5. Model provenance. Document the model you deploy: license, source, and any available information about training data and evaluation. Even if the model weights are open, your inputs and outputs can still be controlled technical data and must be handled accordingly.
VibeRails's architecture makes this documentation exercise straightforward. The desktop application runs locally. The AI model runs locally (or in GovCloud). The data flow is a straight line from source code to findings, with no intermediate hops, no third-party services, and no external network communication. Your compliance officer can verify the architecture in an afternoon.
Getting started
If you have avoided AI code review because export control requirements make external AI APIs unacceptable, local models running on controlled infrastructure can reduce the risk surface by keeping inference within your boundary.
For the full technical setup – environment variables, model selection, GPU requirements, and step-by-step configuration – see our Local AI Code Review technical guide. For a broader overview of local AI code review beyond ITAR use cases, see the complete guide to local AI code review.

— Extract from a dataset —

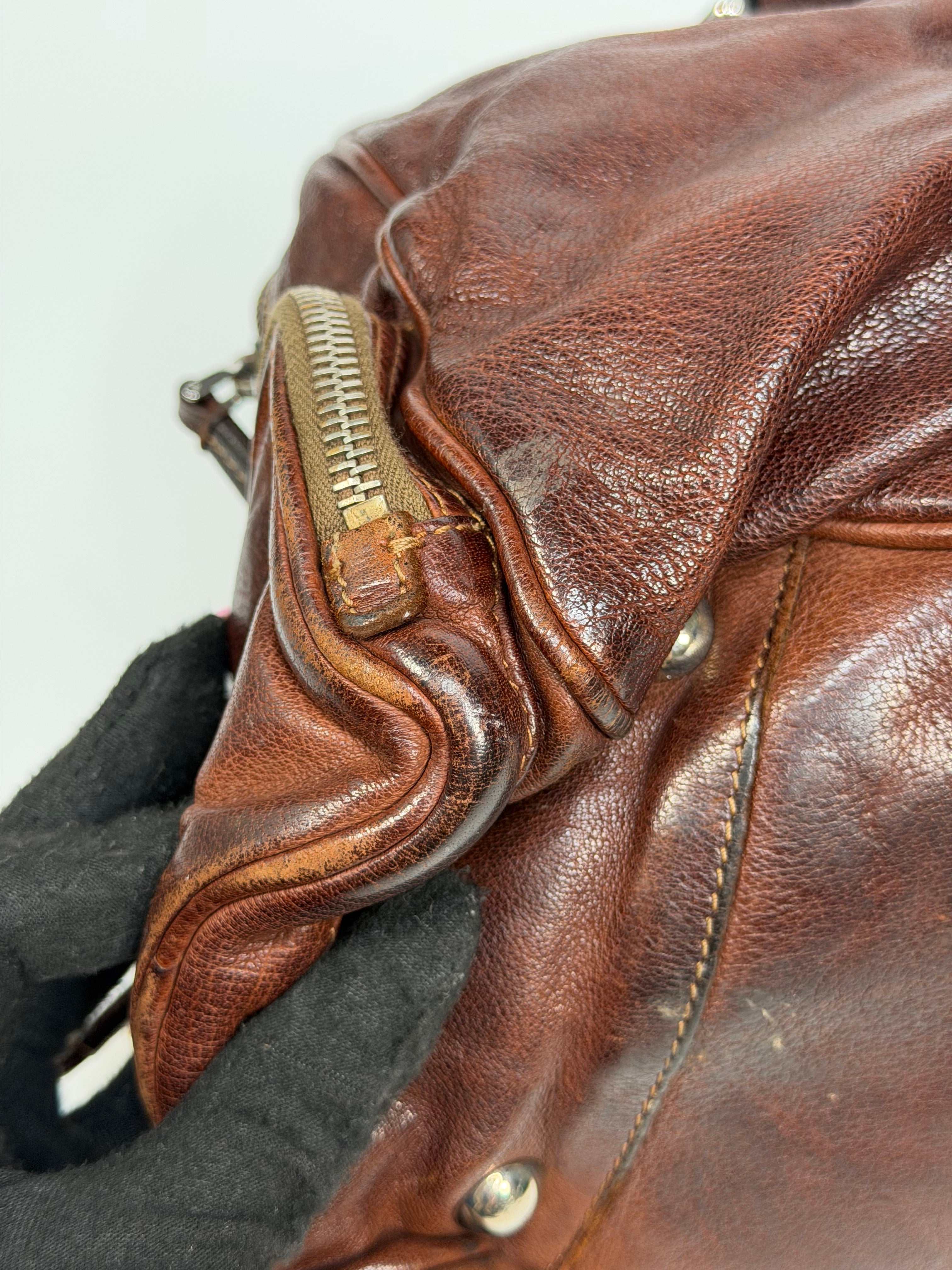 Prada Washed Bauletto Shoulder Bag In Brown Leather With Gold Hardware. Authentic and preloved in very good condition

To evaluate VibeRails on your own (non-controlled) codebase first, download the free tier – it includes 5 issues at no cost and requires no account creation.
Limits and tradeoffs
- It can miss context. Treat findings as prompts for investigation, not verdicts.
- False positives happen. Plan a quick triage pass before you schedule work.
- Privacy depends on your model setup. If you use a cloud model, relevant code is sent to that provider; local models can keep inference on your own hardware.